Rodriguez echoed the concept that this new project is not going to solely ship a greater refurbished freeway, but additionally reconnect communities to the north and south of the BQE that have been divided by its building.

“We must reckon with the harm these 20th-century highways have caused communities of color in New York City,” Rodriguez stated. “While we undertake the BQE Central project, we will ensure we are also planning how best to reconnect other neighborhoods that have been split apart by this highway, from Bay Ridge to Greenpoint.”

The mayor first floated the idea nixing his predecessor Bill de Blasio’s plan to make short-term repairs to the BQE over the next two decades in June, promising to fast-track a bigger overhaul of the roadway so as to unlock federal {dollars} from the infrastructure deal. De Blasio’s plan additionally included tightening restrictions on obese vans, which put a pressure on the roadway’s tiered part in Brooklyn Heights – often called the triple cantilever.
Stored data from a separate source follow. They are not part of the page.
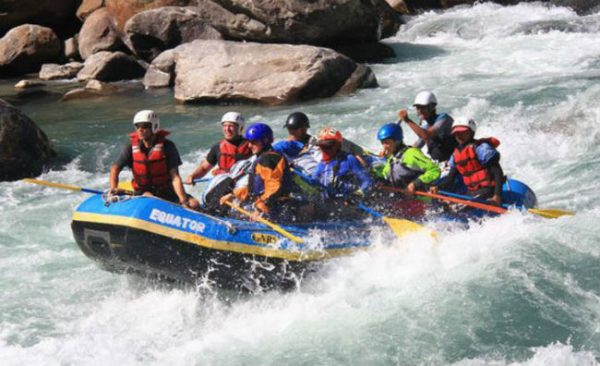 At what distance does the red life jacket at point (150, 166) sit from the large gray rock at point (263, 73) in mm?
7097

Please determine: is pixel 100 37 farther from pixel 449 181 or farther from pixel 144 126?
pixel 449 181

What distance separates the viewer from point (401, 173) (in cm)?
667

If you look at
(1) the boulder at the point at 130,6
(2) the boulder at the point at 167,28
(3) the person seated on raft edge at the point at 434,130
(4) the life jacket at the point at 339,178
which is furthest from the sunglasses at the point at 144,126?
(1) the boulder at the point at 130,6

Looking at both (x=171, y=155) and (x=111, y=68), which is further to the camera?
(x=111, y=68)

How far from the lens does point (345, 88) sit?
45.2 ft

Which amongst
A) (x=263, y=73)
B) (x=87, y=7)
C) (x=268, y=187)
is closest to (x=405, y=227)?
(x=268, y=187)

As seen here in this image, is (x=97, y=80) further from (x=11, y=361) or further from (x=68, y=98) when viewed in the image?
(x=11, y=361)

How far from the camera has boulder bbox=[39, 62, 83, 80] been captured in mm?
18125

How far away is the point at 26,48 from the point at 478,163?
15.5 m

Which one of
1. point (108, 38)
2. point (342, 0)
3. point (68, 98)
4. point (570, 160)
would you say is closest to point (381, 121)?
point (570, 160)

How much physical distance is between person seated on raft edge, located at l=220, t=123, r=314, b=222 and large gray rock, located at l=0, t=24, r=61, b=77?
14479 mm

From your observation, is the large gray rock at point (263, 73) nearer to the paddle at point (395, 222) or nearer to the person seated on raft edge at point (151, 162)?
the paddle at point (395, 222)

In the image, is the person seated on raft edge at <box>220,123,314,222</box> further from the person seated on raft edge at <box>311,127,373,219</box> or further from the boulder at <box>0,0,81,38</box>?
the boulder at <box>0,0,81,38</box>

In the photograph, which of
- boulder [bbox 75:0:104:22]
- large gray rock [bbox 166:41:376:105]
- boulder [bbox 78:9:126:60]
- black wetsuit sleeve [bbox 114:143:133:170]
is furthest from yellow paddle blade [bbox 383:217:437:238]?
boulder [bbox 75:0:104:22] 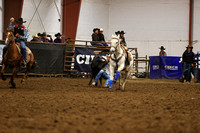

Adams’ office stated they count on building on the BQE Central project – together with the triple cantilever – to start throughout the subsequent 5 years, in accordance to a launch. They’re additionally working to reconnect communities north and south of the BQE by constructing parks and plazas and offering new transportation choices. Although a launch wasn’t particular about what these modifications would seem like.

Traffic heads north on the Brooklyn-Queens Expressway in Brooklyn Heights. Photo by Kevin Duggan/amNY File.

The group engagement interval beginning this month will encompass in-person and distant workshops, conferences with group teams, public surveys and outreach in neighborhoods straddling the roadway. The metropolis will present funding to group teams trying to have interaction underrepresented people within the planning course of.

In a press release, Carlo Scissura, president and CEO of the New York Building Congress applauded the mayor for launching the BQE public engagement course of.

“We are thrilled that Mayor Adams and his administration are moving forward with several of the critical recommendations of the BQE Expert Panel report, which I had the honor of chairing in 2019-20,” Scissura stated. “We are eager to work with his team to ensure that necessary critical repairs are made to ensure the long-term safety of the roadway.”

“We also look forward to an eventual corridor-wide, full re-imagination of the BQE from Staten Island to The Bronx that serves people, communities, and the entire city,” he added. “In the name of sustainability and equity for those impacted by the mistakes of yesteryear, all options for a greener, fully modernized, community-focused roadway must be considered.”